The seagull walked along the low stone wall of the San Bruno marina. Its laugh sounded almost human, though a bit demented. The gulf waters were shimmering with morning light and there was a pleasant salty sea smell. It was very quiet, not with the expected activity of fishing pangas coming and going. I'd driven past San Bruno for too many years and today it was the destination. San Bruno is a small fishing community south of Santa Rosalia, BCS and is rich in sea life and prehistory mystery. Walking out on the man-made jetty the salt encrusted earth crunched under my feet.
Sometimes you have to sit very still, so the story can find you. Always, there is a level of trust that there is one, even though you might not be aware of it in the moment. The gentle water sounds on rocks and the heat of the morning set the stage. I waited in the shade. Then I spied him, an old fisherman walking toward the marina. His name was Juan Manuel. He knew the gulf waters intimately as did his father before him. His grandmother, the matriarch at 100 years old, used to live on Isla San Marco, 15 minutes by boat. The south end of the island has extensive mining of gypsum and its own airstrip. But Juan Manuel told me that on the north end are found several beautiful caves, a legacy of Baja's volcanic creation. He said that a pangero named Sergio Escobar took people out. This isn't a tourist area, so the price he quoted was very reasonable.
The prehistory of San Bruno goes back 10,000 years. All that went before has nearly been lost. The accounts that remain are written by Europeans who had no frame of reference for what they saw. In this area of Baja Sur the Pericú, Guaycura, as well as the Cochimi lived for thousands of years as hunter gatherers. While the San Bruno “episode” is said to be well documented it was done with a “jaundice eye” and written as fact, sometimes with an extremely condescending tone. Alsatian Jesuit Johann Baegert took a “sour view of his charges,” at one point characterizing them as "stupid, awkward, rude, unclean, insolent, ungrateful, mendacious, thievish, abominably lazy, great talkers to their end, and naïve and childish." So absurd, it makes you want to laugh, if it wasn't so sad. Each critical word would have its counter part. Having time to enjoy life could be seen as “lazy” by A types and who wouldn't be a little “rude” when you had just been invaded? Happy and playful adults, might seem “childish” and since all the indigenous of the Baja had an oral tradition, talking to one another was the local newspaper and its historic library. Any culture having survived 10,000 years is anything but stupid. Never the less, it took only a couple hundred years for the intelligent and civilized Europeans to cause the extinction of the Pericú culture and language.

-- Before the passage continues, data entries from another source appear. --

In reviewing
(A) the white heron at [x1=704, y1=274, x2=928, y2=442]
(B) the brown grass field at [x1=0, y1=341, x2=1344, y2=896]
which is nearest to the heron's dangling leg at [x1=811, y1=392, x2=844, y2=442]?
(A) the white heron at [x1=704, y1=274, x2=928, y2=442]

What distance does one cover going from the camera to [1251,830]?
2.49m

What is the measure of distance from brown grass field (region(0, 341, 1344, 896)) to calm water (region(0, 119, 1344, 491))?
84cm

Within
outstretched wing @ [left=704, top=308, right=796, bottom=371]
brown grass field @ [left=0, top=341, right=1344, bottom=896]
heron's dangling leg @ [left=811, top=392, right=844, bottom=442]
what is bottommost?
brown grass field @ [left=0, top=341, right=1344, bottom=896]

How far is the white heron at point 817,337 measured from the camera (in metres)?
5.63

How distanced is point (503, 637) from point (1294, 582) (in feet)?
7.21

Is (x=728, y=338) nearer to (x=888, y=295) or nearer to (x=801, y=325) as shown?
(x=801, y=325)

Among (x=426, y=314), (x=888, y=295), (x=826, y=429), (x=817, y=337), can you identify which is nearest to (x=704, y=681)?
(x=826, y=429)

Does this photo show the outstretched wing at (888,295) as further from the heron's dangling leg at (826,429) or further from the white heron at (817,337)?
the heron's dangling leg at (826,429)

Just as Juan Manuel was leaving for work. Two boys, Julian and Jesus, rode in on their bicycles; curiosity overcoming shyness. I asked if there was a taco stand as I still hadn't seen one. San Bruno has no facilities or restaurants for the tourist. Boys will make anything fun and so they had me follow them on their bikes to a store that sold burritos. I told them to get a soda; they picked out a the huge Power drink. Kids. Gotta love them.
I can't resist a dirt road into the unknown, even though I do not have benefit of 4-wheel drive. It was the reason I met the Music Man of San Bruno. Everything seemed bleached white in the heat of the day. I spotted a man on a bike. Stopping him, I asked about the road conditions. Carlos wore a beaded shark tooth necklace and had a full head of white hair. Lovely classical music floated out of the milk crate on the back of his bike. The selection of his music was so unusual in this setting, it caused me to pause, happy in the moment. He said the road was good and I took off thinking of how wonderfully in-congruent Baja experiences can be. Suddenly, I found myself in a sand trap. Carlos hadn't mentioned to bare right on the good road, because didn't everyone know the sand blew into dunes along the beach route. I spent time beach combing for jetsam to put down in the deep sandy tracks. Dry Seaweed, brittle flip-flops, cardboard left behind from another fellow traveler were all laid in. A lone vulture sat on a pole, staring silently down at the odd human below. I hollered up, "Hey, it's all part of the journey!"